What the task requires>
Send back all the data below, exactly as given.

Available data>
===

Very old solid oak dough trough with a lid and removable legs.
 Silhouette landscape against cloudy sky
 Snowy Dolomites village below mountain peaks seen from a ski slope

===

Completed exercise>
Very old solid oak dough trough with a lid and removable legs.
 Silhouette landscape against cloudy sky
 Snowy Dolomites village below mountain peaks seen from a ski slope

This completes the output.